:: RECORDS FOR THIS TASK ::

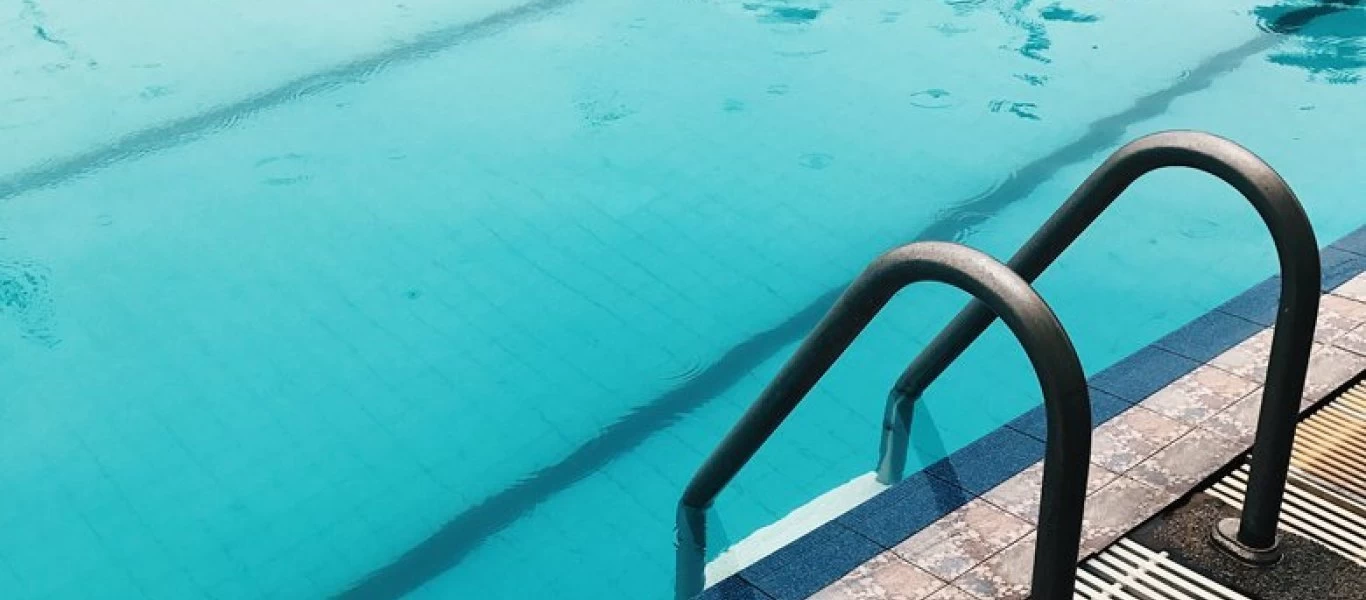 Οικογενειακή τραγωδία: Κοριτσάκι πνίγηκε μαζί με τη μητέρα και τον παππού του (βίντεο)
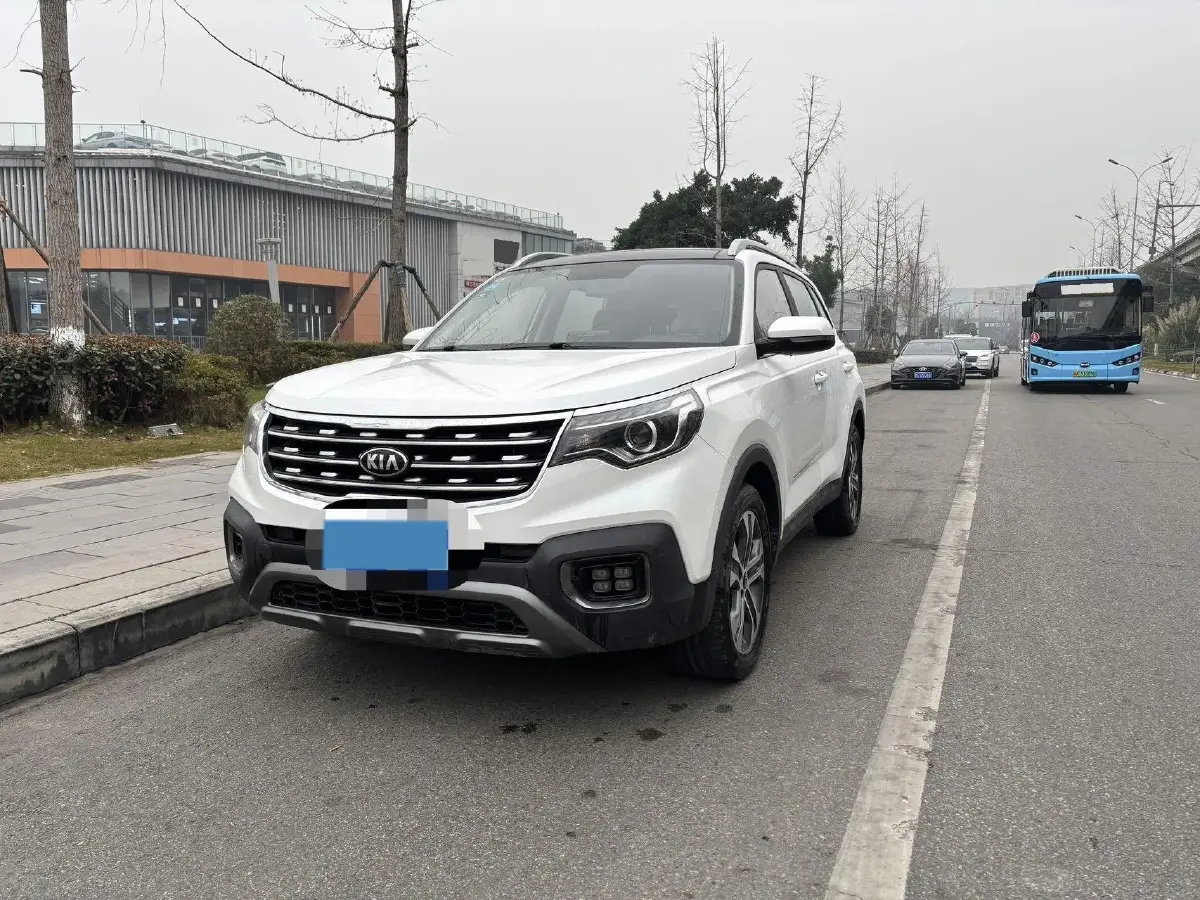 2018 Kia Sportage R 2.0L 160HP L4 6AT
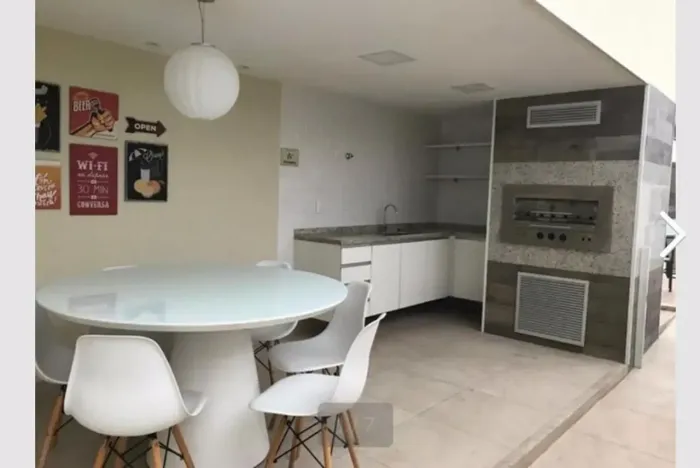 BS Imobiliária vende ótimo apartamento em São Gonçalo, com 2 quartos, 1 suíte, varanda, ga
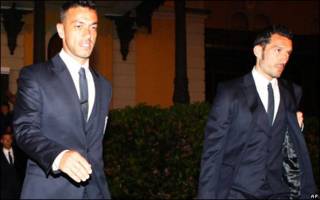 Italian team flies to South Africa
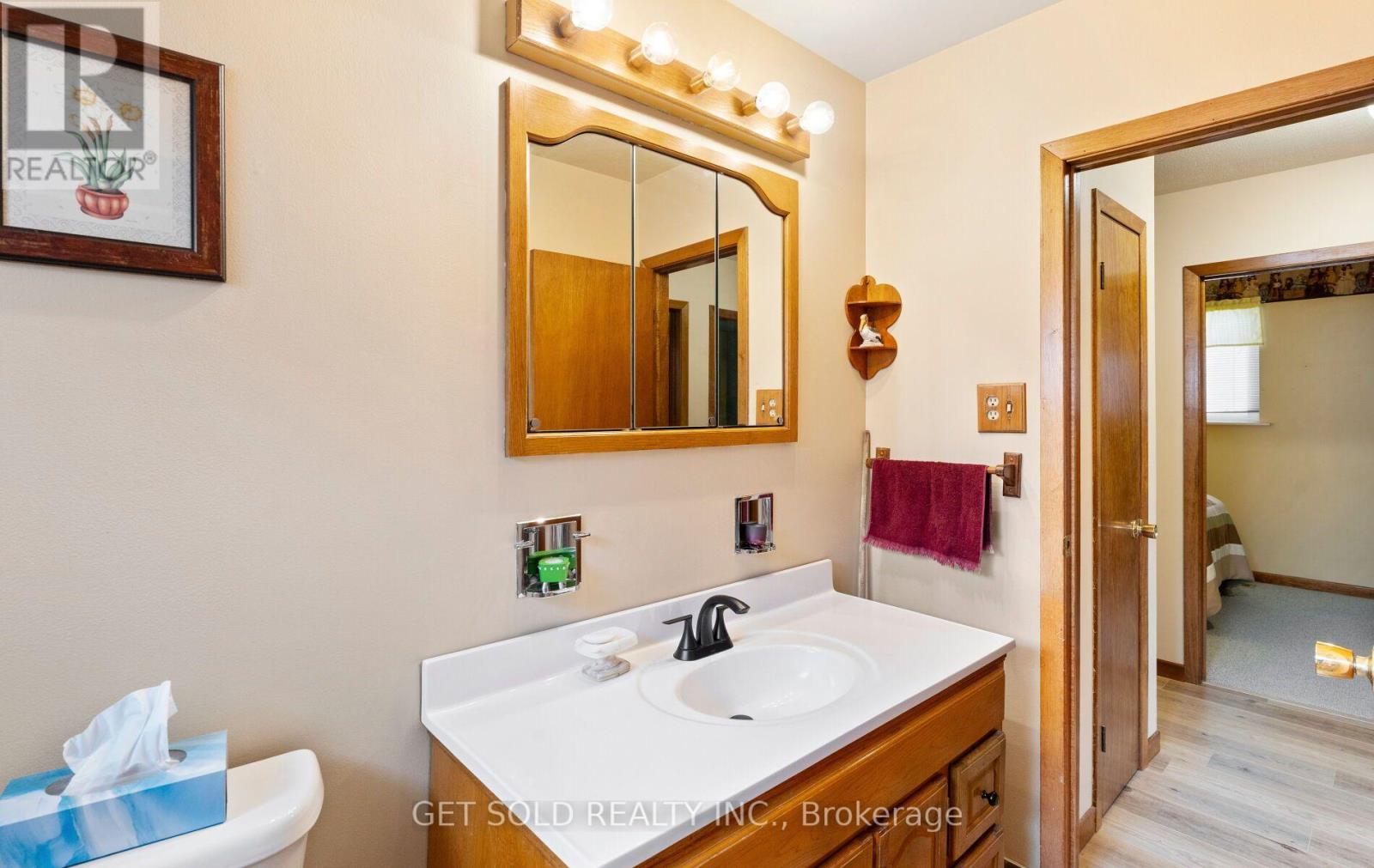 22 Almayo Crescent, Toronto, Ontario  M9V 2L4 - Photo 25 - W13848872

:::

• EXERCISE DIRECTIONS
Output exactly, and only, the lines running from the line containing "BS Imobiliária vende" to the last line of the entries above, omitting the pictures.

• ANSWER SPACE
 BS Imobiliária vende ótimo apartamento em São Gonçalo, com 2 quartos, 1 suíte, varanda, ga
 Italian team flies to South Africa
 22 Almayo Crescent, Toronto, Ontario  M9V 2L4 - Photo 25 - W13848872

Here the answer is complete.